‘Pet Sematary’ Review: I’m Fine Being A Dog Person

Pet Sematary Review

Pet Sematary, an alleged horror, got more laughs than screams from the half-filled theater.

Stephen King, prolific in his respected field, was done wrong by some point in the assembly line of production, and there were definitely a few missing pieces resulting in gaping plot holes. But let’s not get ahead of ourselves.

We open with a lovely bird’s eye shot of the forest, and the music eases you into an eerie score as a burning house is shown and the camera descends upon a bloodied front porch. (This isn’t a spoiler, it’s legitimately before credits have even gotten good).

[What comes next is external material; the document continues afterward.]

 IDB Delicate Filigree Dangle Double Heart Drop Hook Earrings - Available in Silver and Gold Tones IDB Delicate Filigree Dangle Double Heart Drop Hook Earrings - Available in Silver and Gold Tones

Ye olde funny bones get kicked up right away simply by the absurdities. The film is riddled with characters and concepts that are either unexplained, underdeveloped or simply fall off the grid after a short introduction. Children in masks with an ambiguous procession towards a graveyard on the owned property of the newest family in town who were entirely unaware of its existence. Seems legit. The cat Church is the only developed character, and the most consistent as far as driving scenes from A to B. However, he’s not the kind of cat you’d hoped to cuddle. Beyond that, it seems the “Sematary” is a C-character in an otherwise conglomerate of loose plot points.

Hauntings begin unprecedentedly, and don’t follow to serve a purpose other than jump scares, prompting questions like, “Who are you again?” or “Why do you have so much screen time when we hardly know how you were even presented to this story?” You know, things you probably don’t hope to be asking when you sit through 100 minutes of alleged horror. There is tension built at the hand of the scores, some classic gore can only get you so far, but the concept might be best left as a book. There are too many details omitted that would certainly have piqued interest, but by the end of the first act, I simply didn’t care.

Don’t be too deterred by one man’s opinion. This film has it all: deformities, childhood trauma, family homes, “that creepy neighbor that maybe is going to ruin this for everyone,” and disillusioned white people. If that’s what you’re in to, go for it.

My personal rating? A D. Like when a professor wants to fail you but doesn’t want to fill out the paperwork or risk seeing your face in class next semester. I’m not mad, just disappointed.